右侧是单个标识符（single identifier）的单边公式（single-sided formulas）：

# Good
~foo
tribble(
~col1, ~col2,
"a",   "b"
)

# Bad
~ foo
tribble(
~ col1, ~ col2,
"a", "b"
)

请注意，右侧复杂的单边公式确实需要一个空格：

# Good
~ .x + .y

# Bad
~.x + .y

用于整洁评估（tidy evalutaion）时 !!``(bang-bang)还有 ``!!!``(bang-bang-bang)（因为优先级相当于一元 ``-/+）
# Good call(!!xyz) # Bad call(!! xyz) call( !! xyz) call(! !xyz)

帮助运算符

# Good
package?stats
?mean

# Bad
package ? stats
? mean

2.2.5 额外的空格¶

添加额外的空格可以改善 = 或 <- 的对齐方式。

# Good
list(
    total = a + b + c,
    mean  = (a + b + c) / n
)

# Also fine
list(
    total = a + b + c,
    mean = (a + b + c) / n
)

不要在通常不允许使用空格的地方增加额外的空格。

2.3 函数调用¶

2.3.1 命名参数¶

函数的参数通常分为两大类：一类提供要计算的数据；另一类控制计算的细节。调用函数时，通常会忽略数据参数的名称，因为它们的用法非常普遍。如果重写参数的默认值，请使用全名：

# Good
mean(1:10, na.rm = TRUE)

# Bad
mean(x = 1:10, , FALSE)
mean(, TRUE, x = c(1:10, NA))

避免参数的部分匹配。

2.3.2 赋值（Assignment）¶

避免在函数调用中进行赋值：

# Good
x <- complicated_function()
if (nzchar(x) < 1) {
    # do something
}

# Bad
if (nzchar(x <- complicated_function()) < 1) {
    # do something
}

唯一的例外是使用捕获副作用的函数：

output <- capture.output(x <- f())

2.4 控制流¶

2.4.1 代码块¶

大括号 {} 定义了 R 代码最重要的层次结构。要使此层次结构易于查看，请执行以下操作：

{ 应该是行内的最后一个字符。相关代码（如 if 子句、函数声明、尾部逗号……）必须与左大括号位于同一行。
内容应该缩进两个空格。
} 应该是行内的第一个字符。

# Good
if (y < 0 && debug) {
    message("y is negative")
}

if (y == 0) {
    if (x > 0) {
        log(x)
    } else {
        message("x is negative or zero")
    }
} else {
    y^x
}

test_that("call1 returns an ordered factor", {
    expect_s3_class(call1(x, y), c("factor", "ordered"))
})

tryCatch(
    {
        x <- scan()
        cat("Total: ", sum(x), "\n", sep = "")
    },
    interrupt = function(e) {
        message("Aborted by user")
    }
)

# Bad
if (y < 0 && debug) {
message("Y is negative")
}

if (y == 0)
{
        if (x > 0) {
            log(x)
        } else {
    message("x is negative or zero")
        }
} else { y ^ x }

2.4.2 行内语句¶

只要不产生副作用，就可以不使用大括号来处理只适合一行的简单语句。

# Good
y <- 10
x <- if (y < 20) "Too low" else "Too high"

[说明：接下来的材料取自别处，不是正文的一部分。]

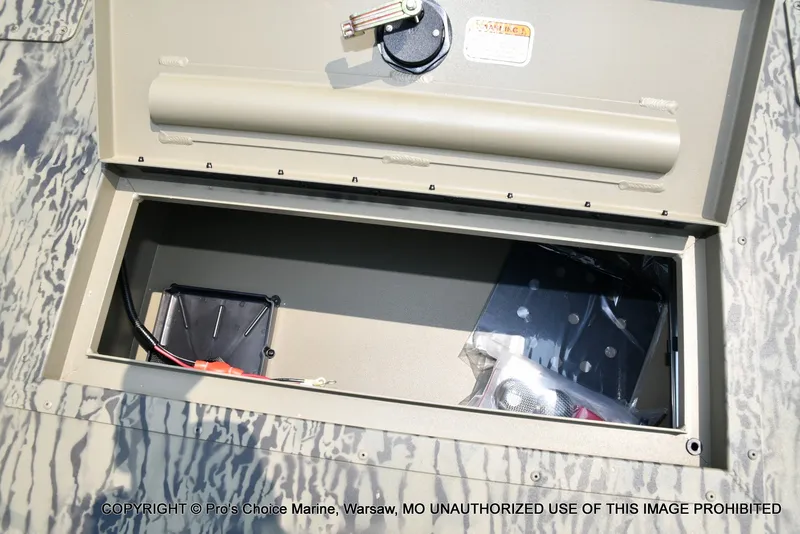 Slide: The Image of Tracker Grizzly 2072 CC 2027 - 46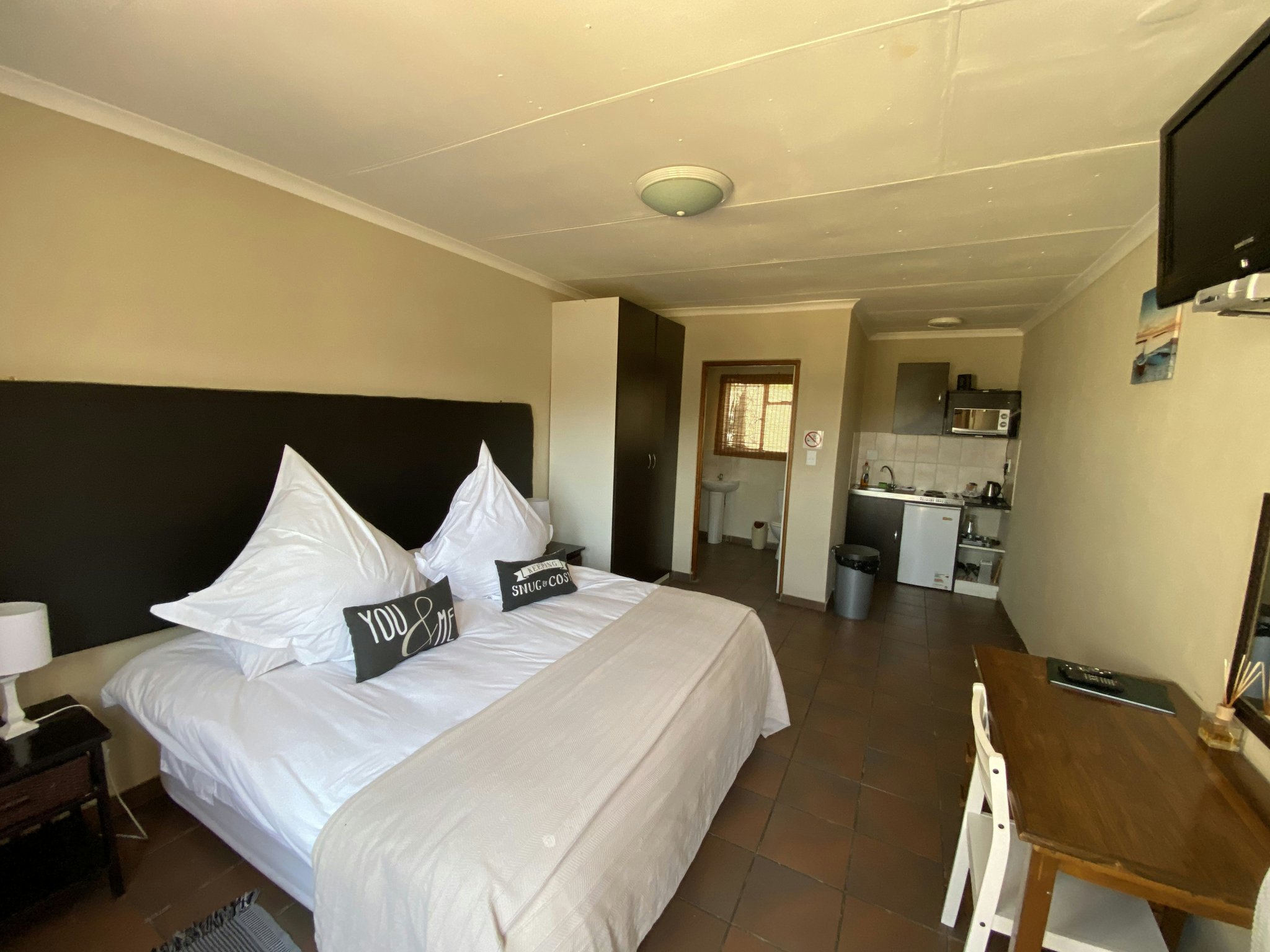 e3OS1IHyWUessMBNcXIBOw_Budget_room_with_Kitchen_5B_Bedroo_S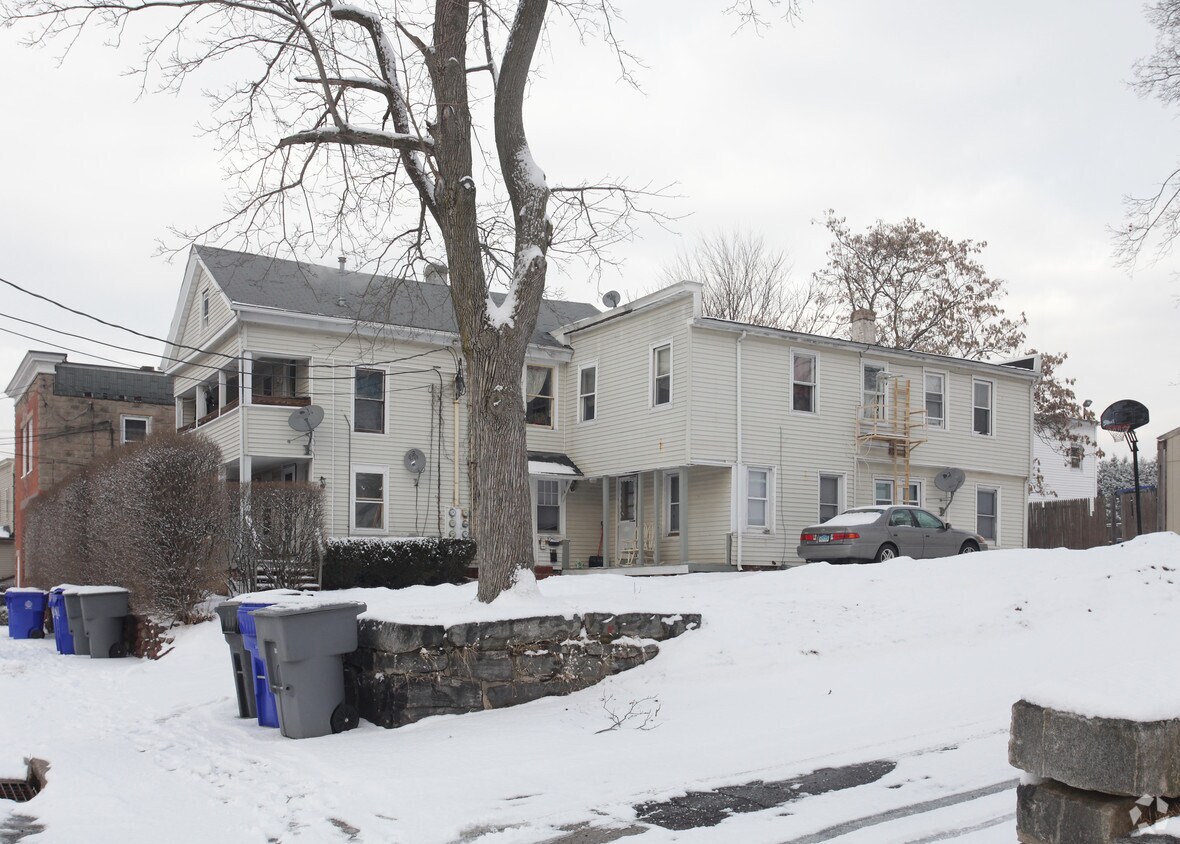 20 Pleasant St, Enfield, CT 06082 Apartments in Enfield, CT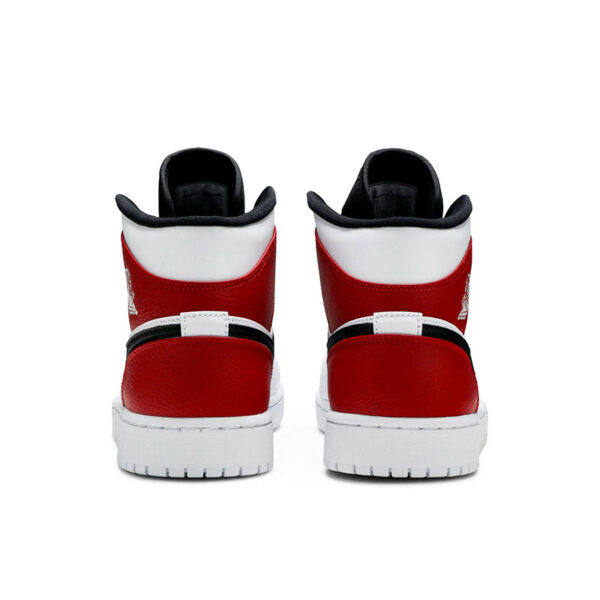 Air Jordan 1 MID “CHICAGO” 554724 116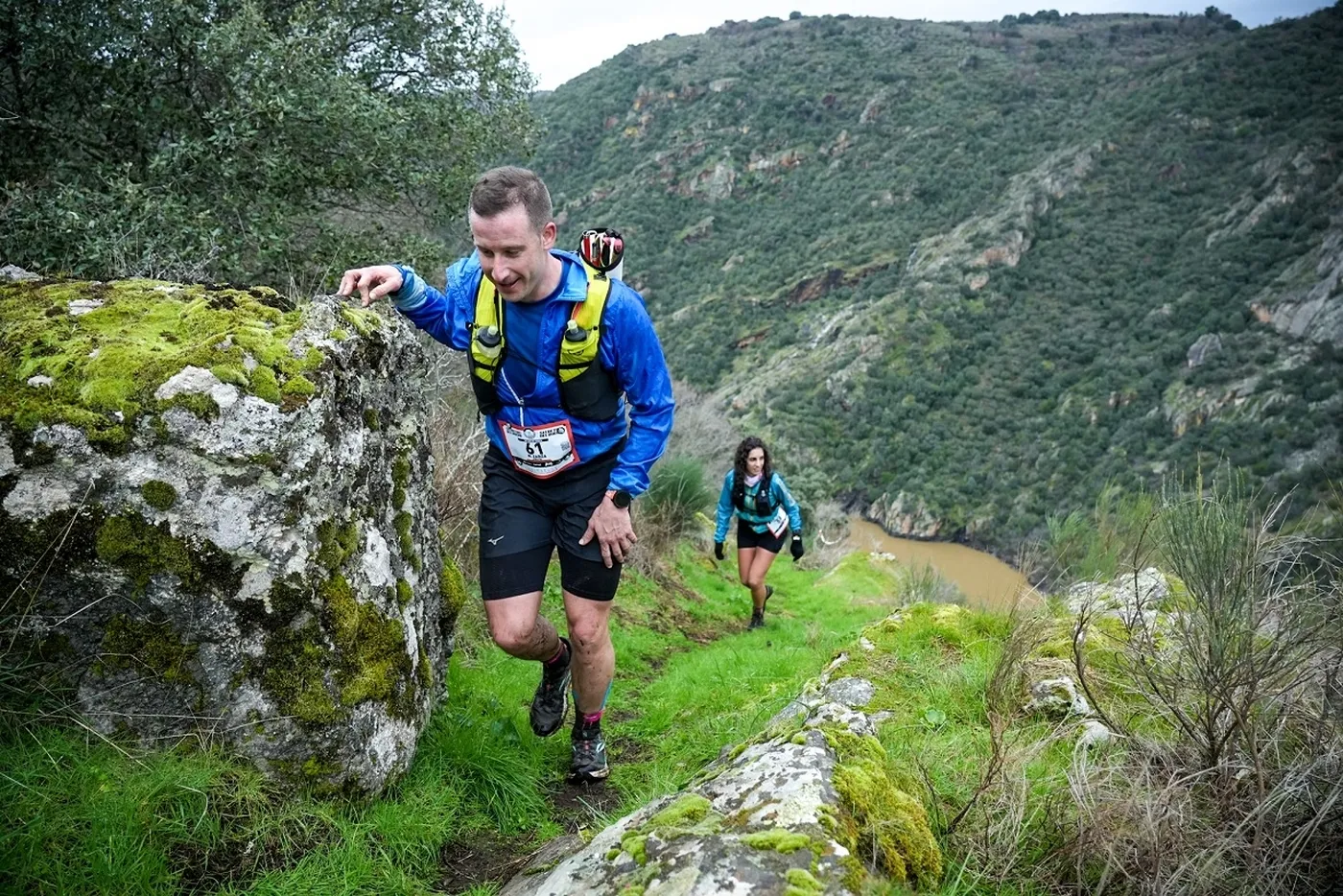 Corredores participando en el trail Secretos del Duero con las arribes al fondo / IBERDROLA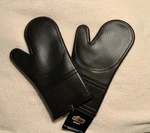 Gorilla Grip Oven Mitts Heat Resistant Up To 484 Degrees Brand New In Package. Fixed Price $24.99.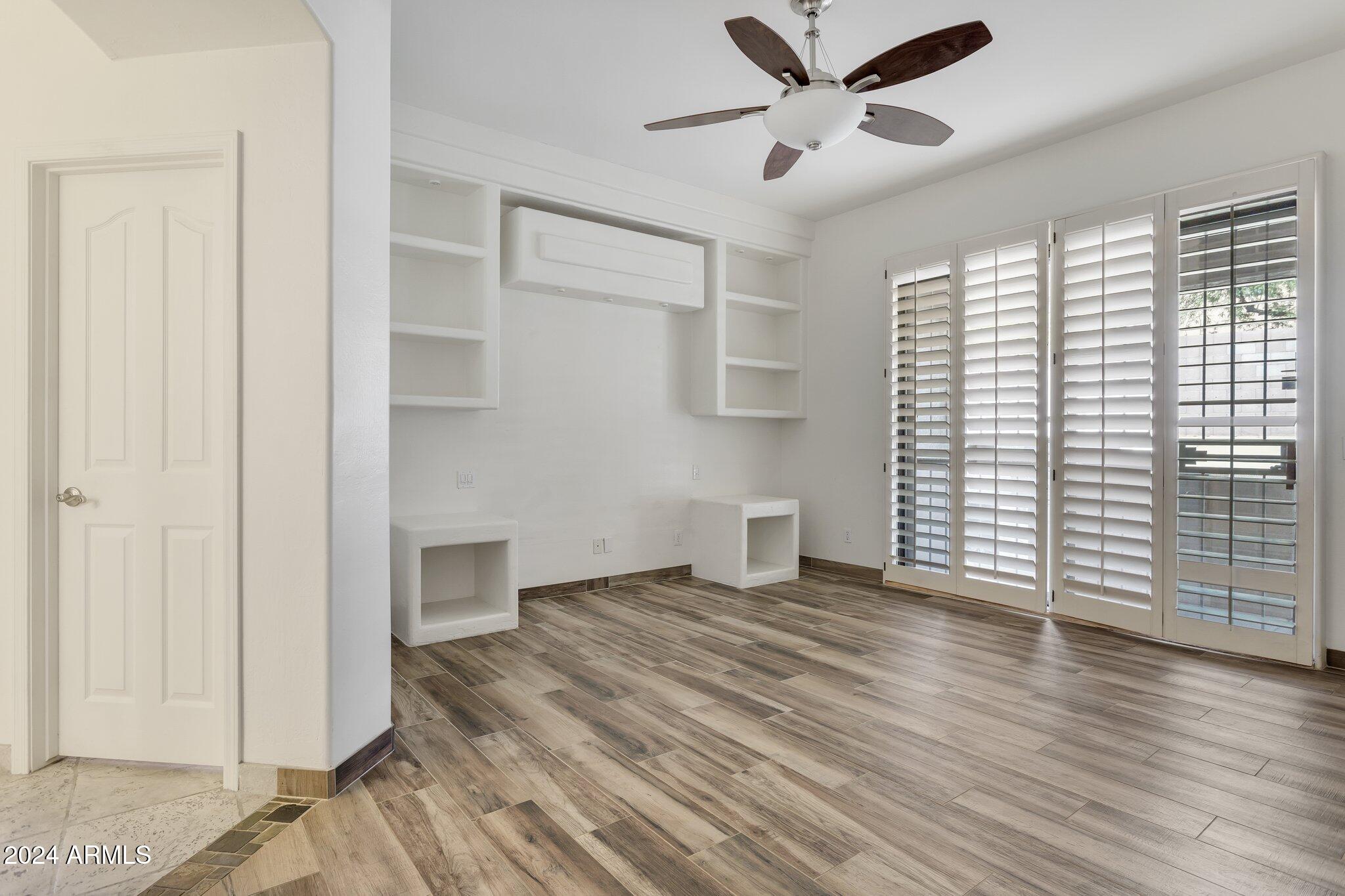 4522 East Jaeger Road Phoenix, AZ 85050 - Photo 14 of 28 Master Suite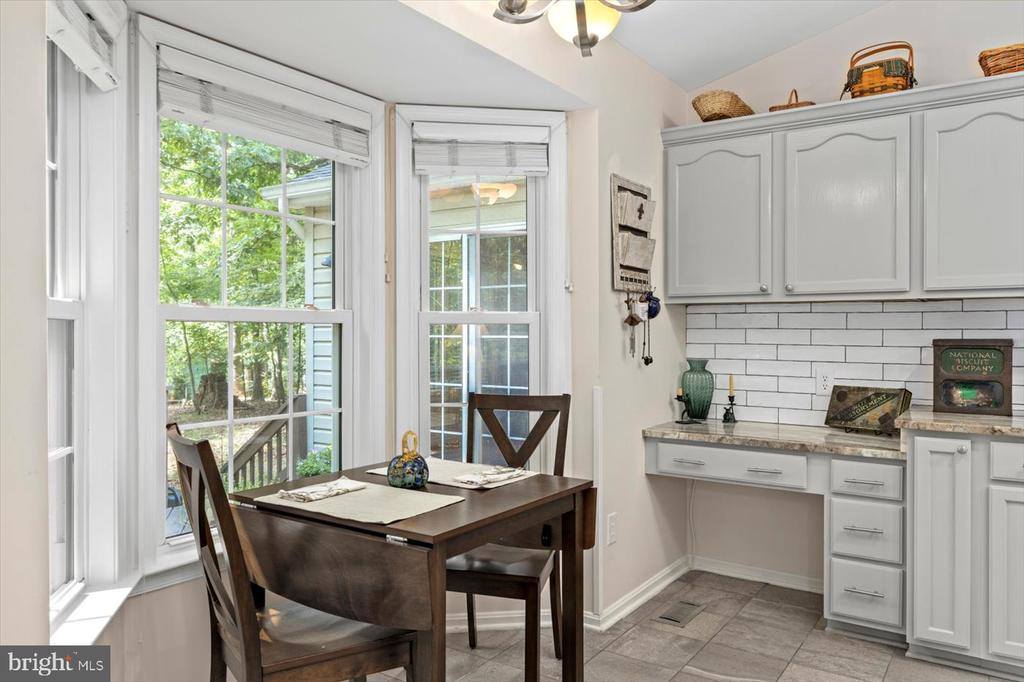 814 Eastover Pkwy, Locust Grove, VA 22508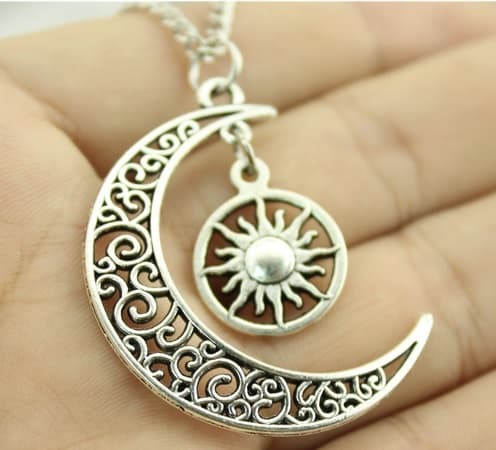 Necklace/Kaulakoru - Crescent Moon - Sun
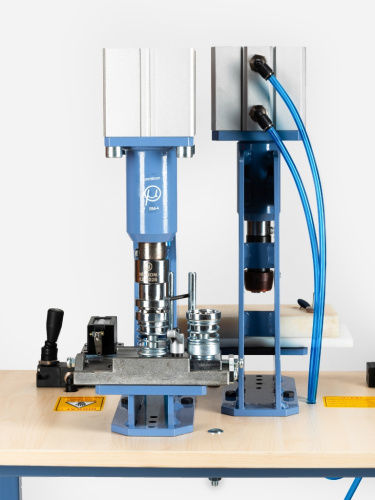  Пресс для обтяжки пуговиц Двойной ПНЕВМАТИЧЕСКИЙ со столом RM4 FP SET MIKRON   ТриКатушки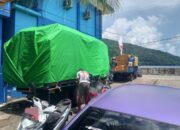 Truk bermuatan rokok Fort yang akan dikembalikan oleh PSDKP Tahuna ke kapal motor MJ. Moro Ami, beberapa waktu lalu. (Foto: AM Budiman)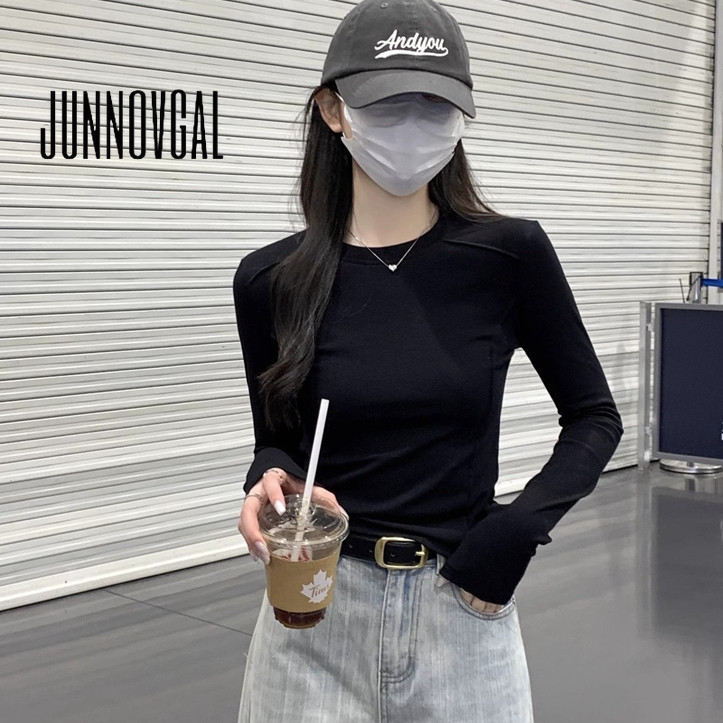 Junnovgal เสื้อยืดผู้หญิงสีทึบคอกลม 2024 ลําลองสไตล์ใหม่แขนยาว Slim Fit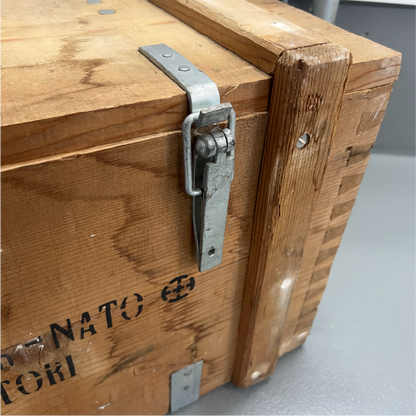 【本物の軍放出品で空間に無骨な味わいを】イタリア軍 アミニッションウッドボックス 7.62mm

影响控制流的函数调用（如 return()、stop() 或 continue）应始终位于它们自己的 {} 代码块中：

# Good
if (y < 0) {
    stop("Y is negative")
}

find_abs <- function(x) {
    if (x > 0) {
        return(x)
    }
    x * -1
}

# Bad
if (y < 0) stop("Y is negative")

if (y < 0)
    stop("Y is negative")

find_abs <- function(x) {
    if (x > 0) return(x)
    x * -1
}

2.4.3 隐式类型强制转换（Implicit type coercion）¶

避免在 if 语句中使用隐式类型强制转换（例如从数值类型强制转换为逻辑类型）：

# Good
if (length(x) > 0) {
    # do something
}

# Bad
if (length(x)) {
    # do something
}

2.4.4 Switch 语句¶

避免使用基于位置的 switch() 语句（即首选名称）。
每个元素都应该在自己的行上。
采用后面元素的值的元素在 = 后应具有空格。
除非您以前验证过输入，否则请提供一个失败抛出错误。

# Good
switch(x
    a = ,
    b = 1,
    c = 2,
    stop("Unknown `x`", call. = FALSE)
)

# Bad
switch(x, a = , b = 1, c = 2)
switch(x, a =, b = 1, c = 2)
switch(y, 1, 2, 3)

2.5 长的行¶

尽量将代码限制在每行 80 个字符。这适合一个大小合理的字体打印页面。如果您发现自己的空间不足，这是一个很好的指示，您应该将一些工作封装在一个单独的函数中。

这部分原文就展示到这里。